本の通りにして、上手くハートをつかんで恋人になったりするじゃん。でも、僕たちには女の子の恋愛マニュアルなんか適応しない。その点、BLは男同士の恋愛なんだからいわば男が男を落とすためのマニュアルみたいなもんじゃん。それを使ってその通りにして好きな人を手に入れて何が悪いの?

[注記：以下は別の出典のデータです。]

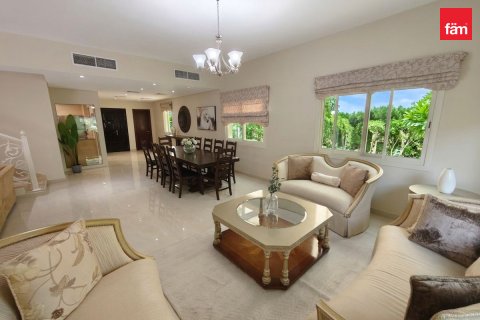 Villa Dubaijā, AAE 4 istabas, 501.5 m2 Nr. 753292 - attēls 25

まあ、君が何言ったって信じてもらえないとは思うけどね。だって、僕、学校のアイドルだし。地味で平凡な君が言いふらしたって、ただのやっかみだと思われるのがオチだよね。」
くすくすと笑いながら俺の足をぐりぐりとにじる。言い返してやりたいのに、上手く頭が回らなくて一言も返せない。だって、羽曳野の言うことはもっともだ。俺が何か言った所で、信じるやつなんて晴彦ぐらいしか思いつかない。高見沢だって…、
「…いわ、ない…。」
「え?」
何も言わなかった俺のぽつりとつぶやいた言葉に、羽曳野が足をにじるのをやめてしゃがみ込んで聞き返してきた。
「言わない…。高見沢には、言わない。だから、頼む。お前も言わないでくれ。お前が、BLを元に高見沢を落としたってこと、誰にも言わないでくれ。…頼む。」
俯いて頭を下げる俺を、羽曳野が黙ってみているのがわかる。
どんな顔をしているのかは見れないけど、何やらじっと考え込んでいるような雰囲気は伝わる。
「…ま、別に元から言うつもりなんてないけど。ばれちゃったらハピエンじゃなくなっちゃうかも知れないもんね。せっかく落せてもバドエンになるリスクを背負うような真似したくないしね。」
しばらくすると、羽曳野はそう言って俺を置いて教室から出て行った。